Greece is expected to get final authorization to receive $170 billion in bailout funds Thursday, The Wall Street Journal reports, as Greek Prime Minister Lucas Papademos meets with European officials. On Feb. 29, Greek lawmakers voted 203-58 in favour of steep spending cuts worth about $4.3 billion. According to Bloomberg News, the cuts affect government workers who will see their pensions and wages slashed:
Pension and wage cuts are reducing state spending and changes to labor rules are liberalizing the jobs market. The measures are also driving the economy deeper into a recession and fanning discontent among Greeks as unemployment has jumped to 21 percent. The economy shrank 6.8 percent last year and is set to contract for a fifth year in 2012.

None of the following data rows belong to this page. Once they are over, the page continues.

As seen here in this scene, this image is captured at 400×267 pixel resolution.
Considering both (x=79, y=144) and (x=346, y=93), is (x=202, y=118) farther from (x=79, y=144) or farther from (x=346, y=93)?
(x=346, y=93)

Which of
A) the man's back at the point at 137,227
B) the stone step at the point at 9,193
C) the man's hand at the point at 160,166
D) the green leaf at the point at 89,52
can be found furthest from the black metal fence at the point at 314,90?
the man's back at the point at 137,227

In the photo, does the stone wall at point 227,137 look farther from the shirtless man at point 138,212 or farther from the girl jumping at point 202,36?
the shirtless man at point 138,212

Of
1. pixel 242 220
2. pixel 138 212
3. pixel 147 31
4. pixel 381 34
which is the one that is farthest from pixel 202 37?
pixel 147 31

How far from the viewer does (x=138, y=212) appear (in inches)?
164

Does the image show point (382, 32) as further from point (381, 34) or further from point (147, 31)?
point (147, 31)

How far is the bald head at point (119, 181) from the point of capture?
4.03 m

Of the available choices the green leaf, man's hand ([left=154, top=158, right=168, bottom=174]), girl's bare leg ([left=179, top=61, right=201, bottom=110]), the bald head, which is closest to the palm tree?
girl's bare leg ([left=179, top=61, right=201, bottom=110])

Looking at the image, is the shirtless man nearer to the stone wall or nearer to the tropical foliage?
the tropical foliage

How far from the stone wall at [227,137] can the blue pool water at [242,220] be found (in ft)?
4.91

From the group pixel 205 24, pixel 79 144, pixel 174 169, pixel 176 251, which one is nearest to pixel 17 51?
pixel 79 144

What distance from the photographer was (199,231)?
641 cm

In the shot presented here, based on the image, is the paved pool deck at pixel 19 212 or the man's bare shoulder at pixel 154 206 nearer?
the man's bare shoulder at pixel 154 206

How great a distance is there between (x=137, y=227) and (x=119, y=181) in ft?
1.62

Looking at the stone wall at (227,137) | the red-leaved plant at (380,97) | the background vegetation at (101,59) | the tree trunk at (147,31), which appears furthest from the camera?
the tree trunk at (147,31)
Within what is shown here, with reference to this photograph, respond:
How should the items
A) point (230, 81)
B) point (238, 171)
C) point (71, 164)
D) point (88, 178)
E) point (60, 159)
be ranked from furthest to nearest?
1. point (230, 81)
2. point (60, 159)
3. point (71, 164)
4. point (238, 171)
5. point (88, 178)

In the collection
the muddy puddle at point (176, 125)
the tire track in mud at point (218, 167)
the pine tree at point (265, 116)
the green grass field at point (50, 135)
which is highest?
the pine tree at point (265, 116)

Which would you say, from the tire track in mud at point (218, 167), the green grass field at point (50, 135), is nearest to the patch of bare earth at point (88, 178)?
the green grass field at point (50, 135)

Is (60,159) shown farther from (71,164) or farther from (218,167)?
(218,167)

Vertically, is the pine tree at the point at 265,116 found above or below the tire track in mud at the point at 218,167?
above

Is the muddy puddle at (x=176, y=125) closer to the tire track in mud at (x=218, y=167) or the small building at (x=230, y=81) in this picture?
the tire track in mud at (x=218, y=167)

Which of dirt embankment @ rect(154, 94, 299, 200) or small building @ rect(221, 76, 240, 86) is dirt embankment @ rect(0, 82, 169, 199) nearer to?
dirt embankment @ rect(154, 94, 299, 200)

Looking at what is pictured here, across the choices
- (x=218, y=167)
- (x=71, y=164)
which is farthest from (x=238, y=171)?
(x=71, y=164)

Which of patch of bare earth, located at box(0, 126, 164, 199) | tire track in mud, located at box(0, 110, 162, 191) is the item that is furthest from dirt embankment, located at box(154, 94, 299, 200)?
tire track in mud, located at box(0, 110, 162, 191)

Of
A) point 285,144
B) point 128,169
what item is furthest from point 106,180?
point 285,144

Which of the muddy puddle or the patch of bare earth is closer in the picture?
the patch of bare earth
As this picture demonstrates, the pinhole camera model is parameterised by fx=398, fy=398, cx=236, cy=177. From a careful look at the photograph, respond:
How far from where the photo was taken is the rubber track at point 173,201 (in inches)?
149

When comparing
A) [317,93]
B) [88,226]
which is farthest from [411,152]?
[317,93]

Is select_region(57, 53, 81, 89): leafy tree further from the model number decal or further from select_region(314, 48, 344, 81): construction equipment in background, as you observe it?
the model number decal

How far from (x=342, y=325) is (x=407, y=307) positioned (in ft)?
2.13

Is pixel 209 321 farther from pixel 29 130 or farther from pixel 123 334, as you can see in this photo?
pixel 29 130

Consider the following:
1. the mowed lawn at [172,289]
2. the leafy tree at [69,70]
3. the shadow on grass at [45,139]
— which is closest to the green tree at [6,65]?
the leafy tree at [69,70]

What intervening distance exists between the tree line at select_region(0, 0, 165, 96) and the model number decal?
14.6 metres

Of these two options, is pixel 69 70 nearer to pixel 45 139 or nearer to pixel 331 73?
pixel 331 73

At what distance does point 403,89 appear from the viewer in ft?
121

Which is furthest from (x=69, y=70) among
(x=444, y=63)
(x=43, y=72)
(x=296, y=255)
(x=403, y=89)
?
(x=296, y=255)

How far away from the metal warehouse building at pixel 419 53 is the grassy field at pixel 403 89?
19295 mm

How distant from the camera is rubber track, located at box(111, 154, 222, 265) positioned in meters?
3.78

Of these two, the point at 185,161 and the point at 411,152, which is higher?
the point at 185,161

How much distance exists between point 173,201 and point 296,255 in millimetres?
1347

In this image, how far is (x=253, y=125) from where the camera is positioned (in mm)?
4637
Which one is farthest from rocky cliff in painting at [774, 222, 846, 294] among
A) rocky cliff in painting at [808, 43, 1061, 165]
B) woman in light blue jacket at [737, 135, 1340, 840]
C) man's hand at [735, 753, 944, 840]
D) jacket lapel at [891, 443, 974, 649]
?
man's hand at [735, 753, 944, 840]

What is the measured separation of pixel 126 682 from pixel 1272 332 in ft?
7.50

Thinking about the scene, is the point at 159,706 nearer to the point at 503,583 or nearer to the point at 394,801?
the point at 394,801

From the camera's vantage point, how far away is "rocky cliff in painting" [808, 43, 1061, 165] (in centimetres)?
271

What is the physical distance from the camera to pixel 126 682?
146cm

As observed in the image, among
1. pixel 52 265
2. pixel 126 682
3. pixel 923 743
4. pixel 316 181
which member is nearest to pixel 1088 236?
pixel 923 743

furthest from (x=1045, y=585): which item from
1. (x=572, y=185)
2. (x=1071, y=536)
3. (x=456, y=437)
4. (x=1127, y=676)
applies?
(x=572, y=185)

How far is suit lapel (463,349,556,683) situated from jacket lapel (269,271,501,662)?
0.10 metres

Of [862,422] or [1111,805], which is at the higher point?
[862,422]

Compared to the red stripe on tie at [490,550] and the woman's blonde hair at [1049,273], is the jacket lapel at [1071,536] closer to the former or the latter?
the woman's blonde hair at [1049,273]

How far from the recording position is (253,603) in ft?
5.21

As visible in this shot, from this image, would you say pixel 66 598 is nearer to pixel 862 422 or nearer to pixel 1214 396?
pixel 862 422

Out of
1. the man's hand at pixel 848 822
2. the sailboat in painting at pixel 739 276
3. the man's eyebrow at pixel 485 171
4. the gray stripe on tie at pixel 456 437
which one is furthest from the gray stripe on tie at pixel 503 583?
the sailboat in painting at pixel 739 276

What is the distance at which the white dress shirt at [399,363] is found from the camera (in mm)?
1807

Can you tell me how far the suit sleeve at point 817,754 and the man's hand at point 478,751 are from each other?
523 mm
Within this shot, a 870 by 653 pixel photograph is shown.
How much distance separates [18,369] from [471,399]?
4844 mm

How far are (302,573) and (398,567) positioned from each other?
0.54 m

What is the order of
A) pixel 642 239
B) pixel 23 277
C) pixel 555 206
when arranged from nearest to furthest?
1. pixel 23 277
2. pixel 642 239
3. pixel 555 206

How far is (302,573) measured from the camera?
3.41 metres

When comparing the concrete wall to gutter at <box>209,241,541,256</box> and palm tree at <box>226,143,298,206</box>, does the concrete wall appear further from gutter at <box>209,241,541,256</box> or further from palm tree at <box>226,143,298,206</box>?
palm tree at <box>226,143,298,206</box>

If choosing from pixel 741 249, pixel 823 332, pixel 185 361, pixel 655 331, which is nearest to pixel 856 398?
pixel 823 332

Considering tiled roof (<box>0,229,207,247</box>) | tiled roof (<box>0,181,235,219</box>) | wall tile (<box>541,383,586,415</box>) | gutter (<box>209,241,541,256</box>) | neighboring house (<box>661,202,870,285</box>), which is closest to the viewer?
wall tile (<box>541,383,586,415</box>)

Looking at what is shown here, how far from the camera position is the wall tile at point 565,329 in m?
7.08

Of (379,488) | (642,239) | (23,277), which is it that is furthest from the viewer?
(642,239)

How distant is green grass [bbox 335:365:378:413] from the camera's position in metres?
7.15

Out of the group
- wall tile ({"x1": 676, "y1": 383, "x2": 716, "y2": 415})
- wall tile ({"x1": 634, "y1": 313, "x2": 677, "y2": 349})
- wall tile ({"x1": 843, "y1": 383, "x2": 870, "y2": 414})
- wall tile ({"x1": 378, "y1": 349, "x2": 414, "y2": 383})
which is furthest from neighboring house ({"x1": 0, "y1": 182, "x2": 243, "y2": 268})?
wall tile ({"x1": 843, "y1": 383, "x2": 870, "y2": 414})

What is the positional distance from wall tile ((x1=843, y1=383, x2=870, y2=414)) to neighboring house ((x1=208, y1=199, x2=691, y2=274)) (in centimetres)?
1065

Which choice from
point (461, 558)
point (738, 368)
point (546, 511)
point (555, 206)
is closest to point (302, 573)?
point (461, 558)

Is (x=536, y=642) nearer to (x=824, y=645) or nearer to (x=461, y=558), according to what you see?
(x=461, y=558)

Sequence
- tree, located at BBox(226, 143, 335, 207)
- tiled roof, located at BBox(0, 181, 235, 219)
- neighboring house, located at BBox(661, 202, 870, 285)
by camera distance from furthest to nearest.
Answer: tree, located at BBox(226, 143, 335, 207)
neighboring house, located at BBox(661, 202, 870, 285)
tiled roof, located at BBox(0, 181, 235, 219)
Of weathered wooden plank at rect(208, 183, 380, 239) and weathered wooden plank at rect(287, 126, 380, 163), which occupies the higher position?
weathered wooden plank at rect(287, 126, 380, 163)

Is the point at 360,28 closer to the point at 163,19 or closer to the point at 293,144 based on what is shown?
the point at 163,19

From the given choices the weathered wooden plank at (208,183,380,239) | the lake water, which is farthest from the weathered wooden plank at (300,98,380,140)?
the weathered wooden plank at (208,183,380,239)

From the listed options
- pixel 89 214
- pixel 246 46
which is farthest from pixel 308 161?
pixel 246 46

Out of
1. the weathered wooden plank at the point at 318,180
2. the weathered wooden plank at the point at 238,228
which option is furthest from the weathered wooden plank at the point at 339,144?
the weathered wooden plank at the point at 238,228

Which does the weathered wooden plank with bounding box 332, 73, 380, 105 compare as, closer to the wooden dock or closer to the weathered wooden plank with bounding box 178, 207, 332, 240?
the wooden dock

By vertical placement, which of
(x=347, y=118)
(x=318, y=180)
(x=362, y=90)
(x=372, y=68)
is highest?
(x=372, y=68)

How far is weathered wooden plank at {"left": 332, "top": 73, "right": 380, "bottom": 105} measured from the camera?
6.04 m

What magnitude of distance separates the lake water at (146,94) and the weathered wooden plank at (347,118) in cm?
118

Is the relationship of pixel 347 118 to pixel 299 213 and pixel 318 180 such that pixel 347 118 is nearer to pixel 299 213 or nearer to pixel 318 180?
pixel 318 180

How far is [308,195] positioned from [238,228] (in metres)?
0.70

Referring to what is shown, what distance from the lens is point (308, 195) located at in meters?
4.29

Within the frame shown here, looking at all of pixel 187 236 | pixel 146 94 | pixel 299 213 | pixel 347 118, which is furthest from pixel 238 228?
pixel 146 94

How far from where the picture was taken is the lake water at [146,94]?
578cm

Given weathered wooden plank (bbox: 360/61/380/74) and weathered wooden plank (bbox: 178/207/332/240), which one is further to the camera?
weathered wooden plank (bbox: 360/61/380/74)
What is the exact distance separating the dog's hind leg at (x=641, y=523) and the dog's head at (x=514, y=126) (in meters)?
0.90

Meanwhile, the Associated Press reports that investors hoping for insurance compensation from an agreement to reduce the amount Greece owes its bondholders will not see the billions they expected, at least for now:
Heavily indebted Greece and its bondholders agreed on a debt swap last week that would reduce the face value of their holdings by 53.5 percent. (…)
The panel, which had been convened by the International Swaps and Derivatives Association, had been asked by investors to rule whether the bond swap agreement constituted a so-called “credit event”. This would have meant that bondholders who hold credit-default swaps — complex financial products that act as insurance against default — would have been paid off.
The committee, meeting in New York and London, ruled that the Greek bond deal was still being carried out and did not yet constitute a credit event — but that the question could come up again.
UPDATE: Greece will have to wait another week before it can secure its bailout funds. The BBC is reporting European leader who met with Prime Minister Papademos said the bailout must await the debt swap with private bondholders on Mar. 8.